TO DO.
Nothing but the lines below from the one containing "CASIO�r���v G-SHOCK �W�[�V���b�N" through the one containing "Modulo Air Bag" should appear in the answer, exact and without pictures.

GIVEN DATA.
+===+

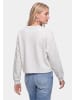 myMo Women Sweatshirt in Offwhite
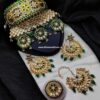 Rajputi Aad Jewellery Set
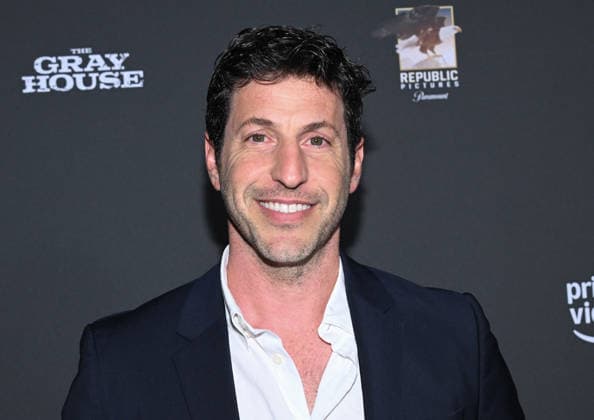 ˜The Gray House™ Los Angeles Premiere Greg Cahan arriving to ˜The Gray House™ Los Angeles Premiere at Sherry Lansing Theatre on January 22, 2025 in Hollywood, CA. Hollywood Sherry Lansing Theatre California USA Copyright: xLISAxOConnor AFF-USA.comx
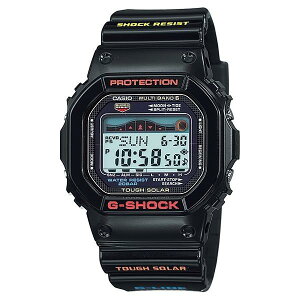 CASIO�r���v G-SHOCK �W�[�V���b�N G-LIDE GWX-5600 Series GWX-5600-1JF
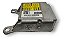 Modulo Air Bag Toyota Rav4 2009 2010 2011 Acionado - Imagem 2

+===+

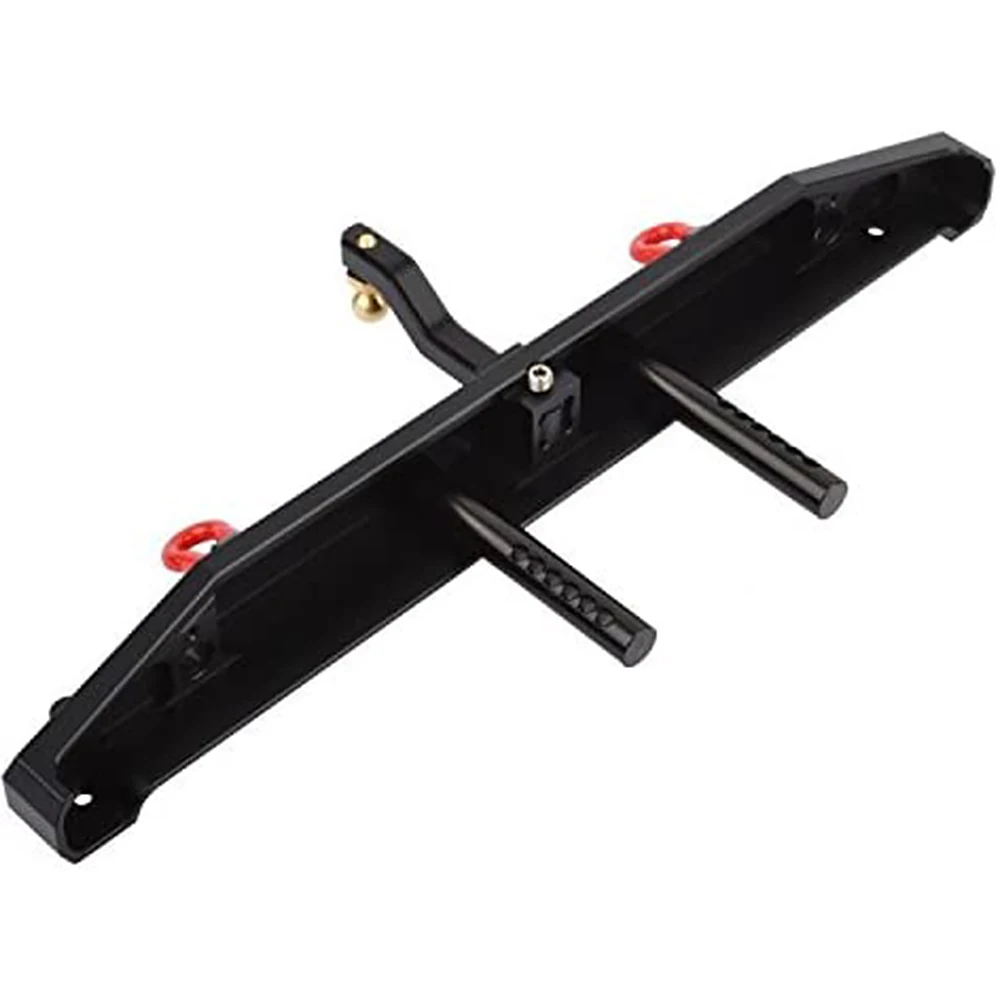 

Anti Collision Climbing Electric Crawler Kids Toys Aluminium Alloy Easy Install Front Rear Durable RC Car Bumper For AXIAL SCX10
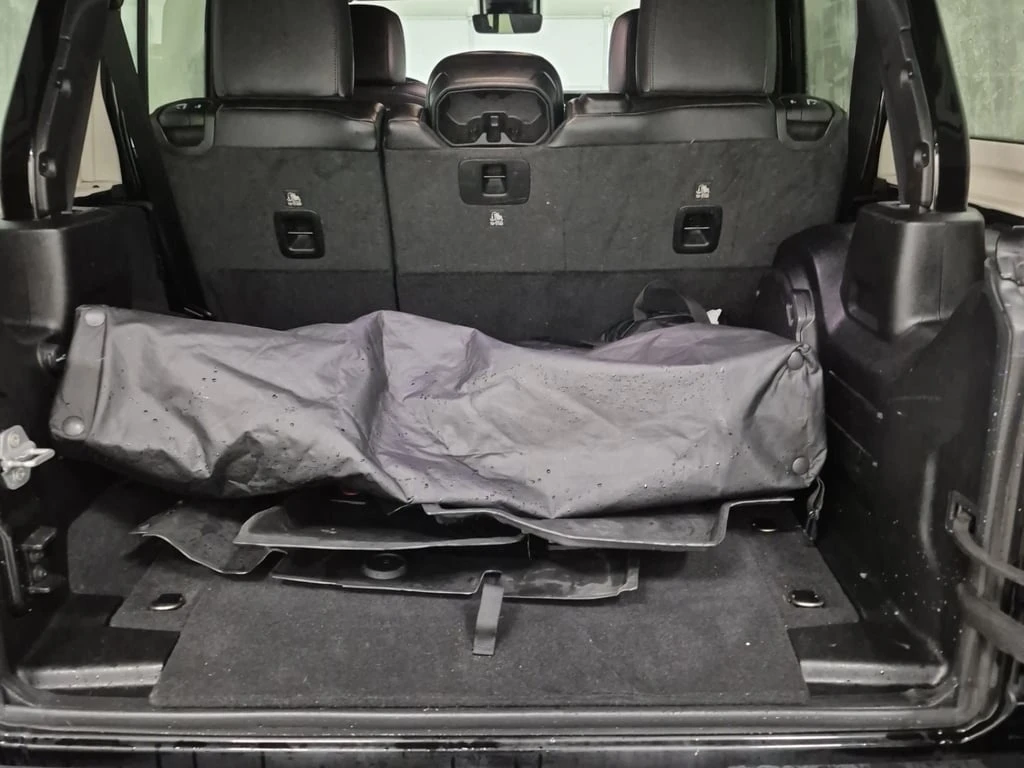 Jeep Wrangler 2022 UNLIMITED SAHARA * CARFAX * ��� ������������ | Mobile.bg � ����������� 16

+===+

WRITTEN ANSWER.
 CASIO�r���v G-SHOCK �W�[�V���b�N G-LIDE GWX-5600 Series GWX-5600-1JF
 Modulo Air Bag Toyota Rav4 2009 2010 2011 Acionado - Imagem 2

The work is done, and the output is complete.